## THE PROBLEM
The lines to be extracted begin at the line containing "Jesus Kristus är född i jul Vykort" and end at the last line of the data below; copy them exactly and leave out the pictures.

## SOURCE RECORDS
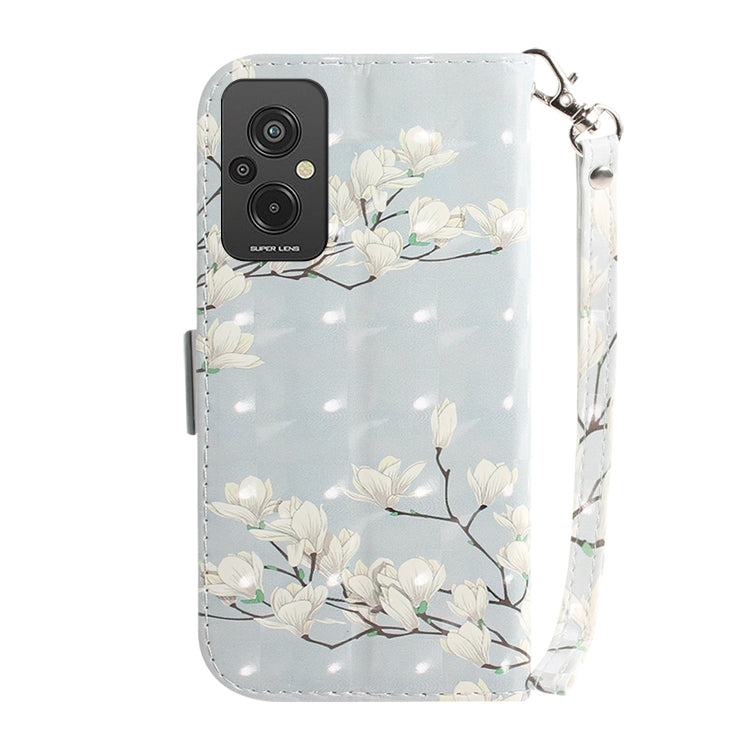 For Xiaomi Redmi 11 Prime 4G 3D Colored Horizontal Flip Leather Phone Case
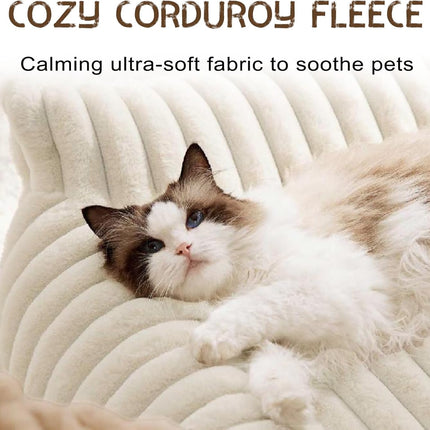 Cat Couch Bed Cute Pet Sofa Bed for Small Medium Large Cats Dogs Indoor with Non-Slip Bottom Washable Cover Fluffy Soft Comfortable Supportive Removable Cover Easy Maintenance Plush Cushion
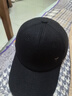 红蜻蜓中老年人帽子男士冬季加绒加厚羊毛鸭舌帽爸爸爷爷老人护耳棒球帽 羊毛混纺护耳款-黑色【盒装】 均码 帽围（56-60CM） 实拍图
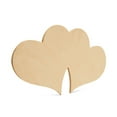 thumbnail image 3 of Wooden Double Heart Cutout 12 inches, Pack of 12 Unfinished Heart Signs fo DIY Valentines Day Gifts, Crafts, and Decorations, by Woodpeckers, 3 of 6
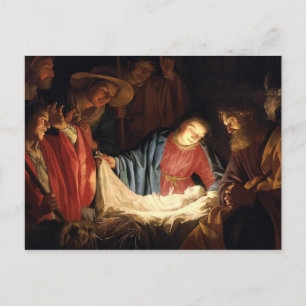 Jesus Kristus är född i jul Vykort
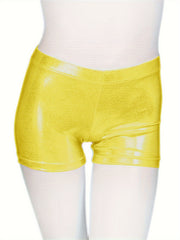 Girls Comfy Solid Gymnastics Shorts Kids Clothes For Ballet Dance Yoga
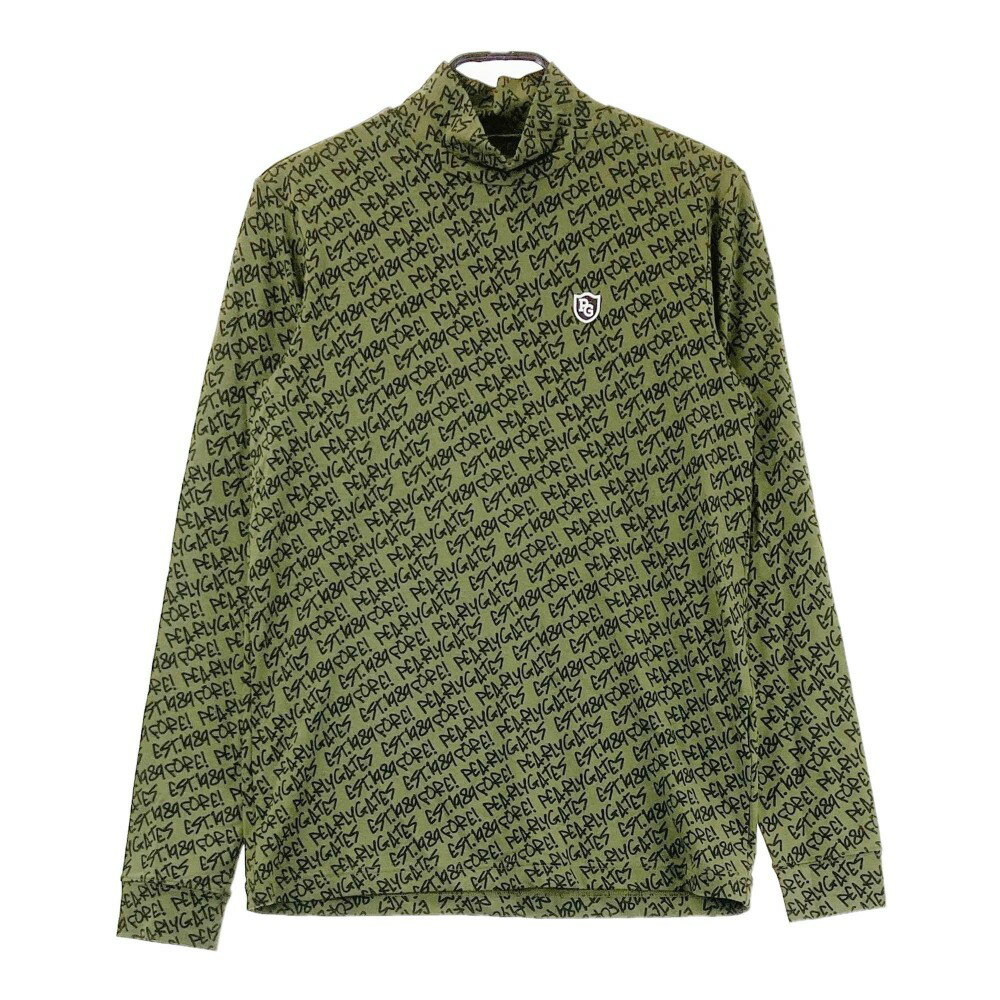 PEARLY GATES パーリーゲイツ 2020年モデル ソリストヒート 発熱ハイネック 落書き柄 カーキ系 5 【中..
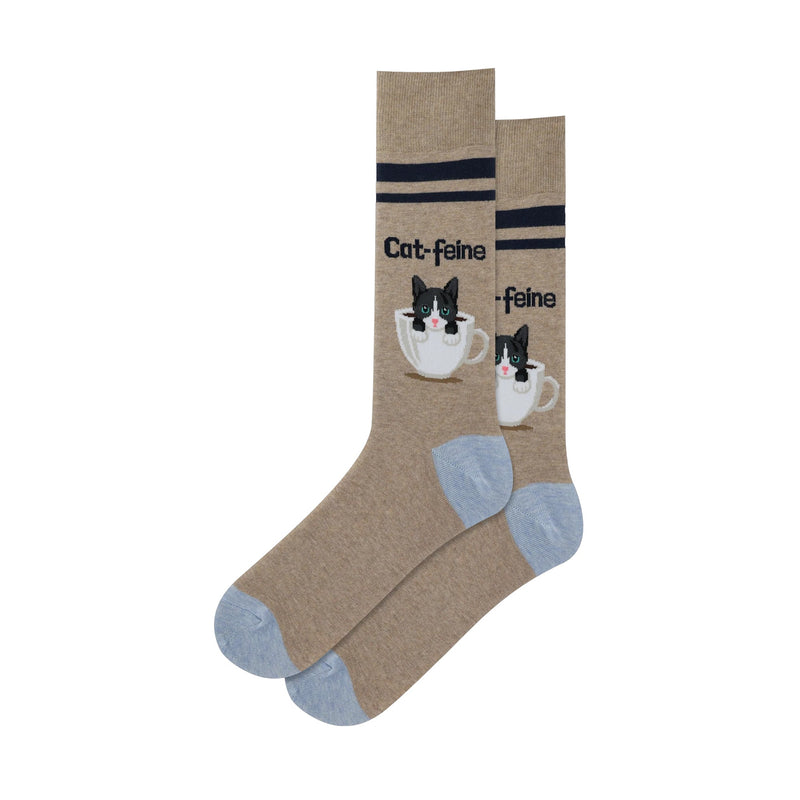 CAT-FEINE CREW SOCKS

## SOLUTION TO THIS PROBLEM
 Jesus Kristus är född i jul Vykort
 Girls Comfy Solid Gymnastics Shorts Kids Clothes For Ballet Dance Yoga
 PEARLY GATES パーリーゲイツ 2020年モデル ソリストヒート 発熱ハイネック 落書き柄 カーキ系 5 【中..
 CAT-FEINE CREW SOCKS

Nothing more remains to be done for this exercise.